- _YOUR INSTRUCTIONS_
Print all entries below exactly, without images.

- _DATA RECORDS_
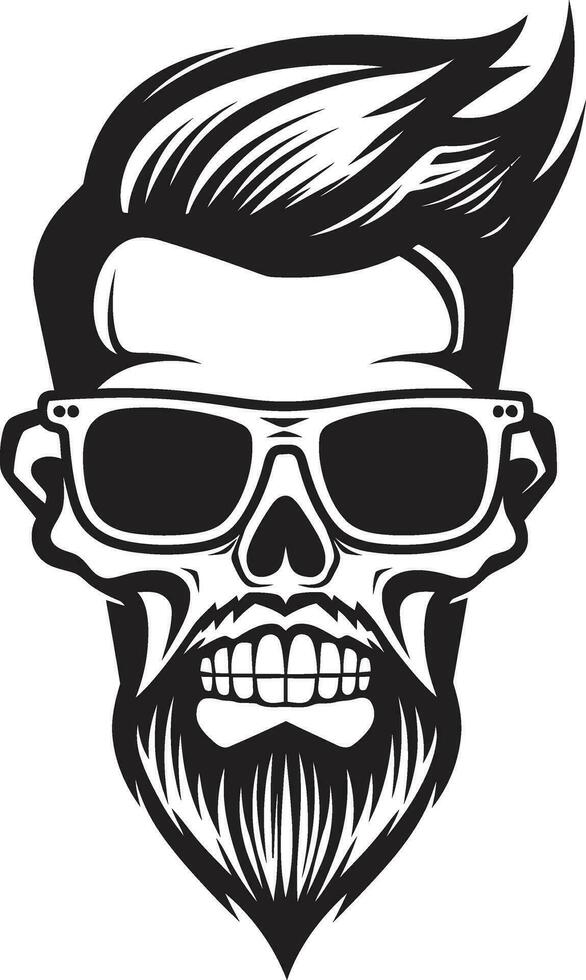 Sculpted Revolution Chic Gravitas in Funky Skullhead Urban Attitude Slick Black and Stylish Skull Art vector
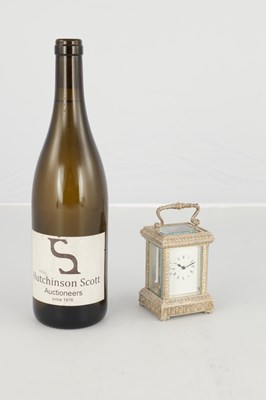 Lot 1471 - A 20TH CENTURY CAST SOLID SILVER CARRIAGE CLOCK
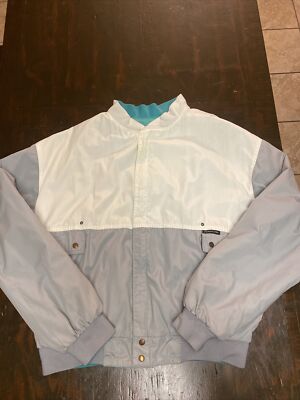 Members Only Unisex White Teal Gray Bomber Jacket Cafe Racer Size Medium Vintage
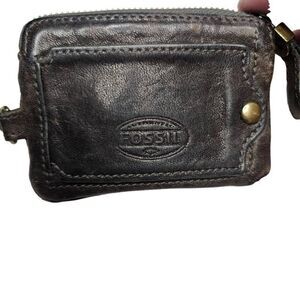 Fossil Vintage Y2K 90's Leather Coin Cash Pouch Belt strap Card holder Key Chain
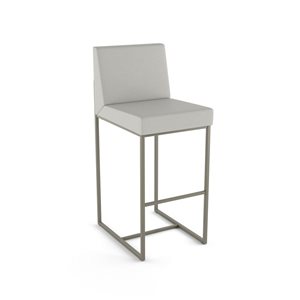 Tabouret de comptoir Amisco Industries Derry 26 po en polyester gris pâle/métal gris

- _RESULT BELOW_
 Sculpted Revolution Chic Gravitas in Funky Skullhead Urban Attitude Slick Black and Stylish Skull Art vector
 Lot 1471 - A 20TH CENTURY CAST SOLID SILVER CARRIAGE CLOCK
 Members Only Unisex White Teal Gray Bomber Jacket Cafe Racer Size Medium Vintage
 Fossil Vintage Y2K 90's Leather Coin Cash Pouch Belt strap Card holder Key Chain
 Tabouret de comptoir Amisco Industries Derry 26 po en polyester gris pâle/métal gris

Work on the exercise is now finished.